If you are trying to figure out if your procurement team is adding value, you need to know what that value is and how to measure it. Start with the big picture – is your procurement team contributing is to your organisation’s financial performance in terms of revenue growth, operating cost reduction and capital efficiency?  Most importantly, are business stakeholders and suppliers satisfied with the value offered to them by the Procurement team?

Then consider a category-by-category review. Maybe some categories have already had the benefit of rigorous procurement effort, where application of the strategy has driven the price down through competition and then reduced total cost through collaborative efforts. Now what remains is supplier management for incremental performance improvement and innovation. Who is best placed in your organisation to do this, operational contract managers or procurement professionals? If you still have less mature categories that are still on a journey to full value realization, it may make sense to retain dedicated procurement expertise.

2. Discover if the capability of your people matches the business challenge

Some buyers are perfect for volatile market conditions, some buyers are brilliant facing entrenched monopolies. Great buyers can learn and apply skills quickly, depending on the situation. But they can only do this if they know what skills are required in that situation so managers should check if this is the case. When planning skills assessment, managers need to think 3-dimensionally to ensure that they are measuring competencies against what is really required for the category right now, not just gaps against generic job profiles. This is just as relevant in organizations where procurement is devolved. Even if supplier management is only a small part of the job, business professional needs to understand techniques to optimize that element of their work. Networking with colleagues, observation and discussing lessons learned with peers are all valuable “on the job” learning activities, but they do require advice and direction to make the most of the experiences.
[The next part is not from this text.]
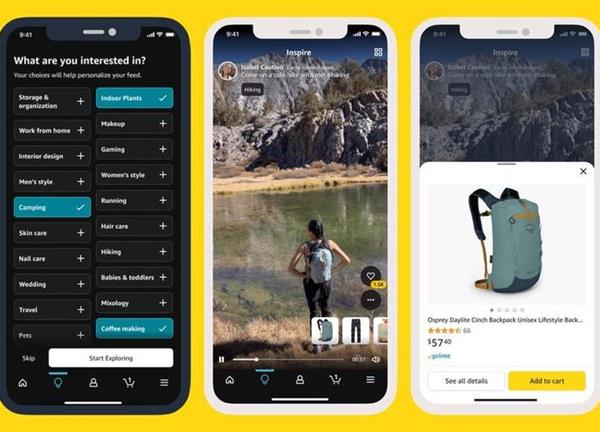 Amazon ra mắt chức năng mua sắm 'bắt chước' TikTok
3. Consider whether you have the right supplier management infrastructure

Even if you have no requirements for “buying” (perhaps because of an existing catalogue or long term contract arrangement), there always exists the need for expert supplier management. Supplier management activities include performance management; handling end customer expectation and extracting more value from your ongoing spend with suppliers. These tasks often already lie with functional stakeholders who are either unaware of the full depth of responsibility or unable to accommodate it alongside their other work. Whoever performs supplier management, the correct enablers must be in place such as analytics that support decision making and contracts that address supplier performance management.  If professionals are supported to understand and use these tools, any function can successfully deploy them.

There should be no rush to carve marketing procurement away from the main procurement team, or to question the purpose of procurement as a function.  However, procurement should not hide away from the need to identify and deliver benefits through ongoing supplier management. If organizations can survive and thrive without centralized procurement, the urgency of providing measurable value is now more relevant than ever.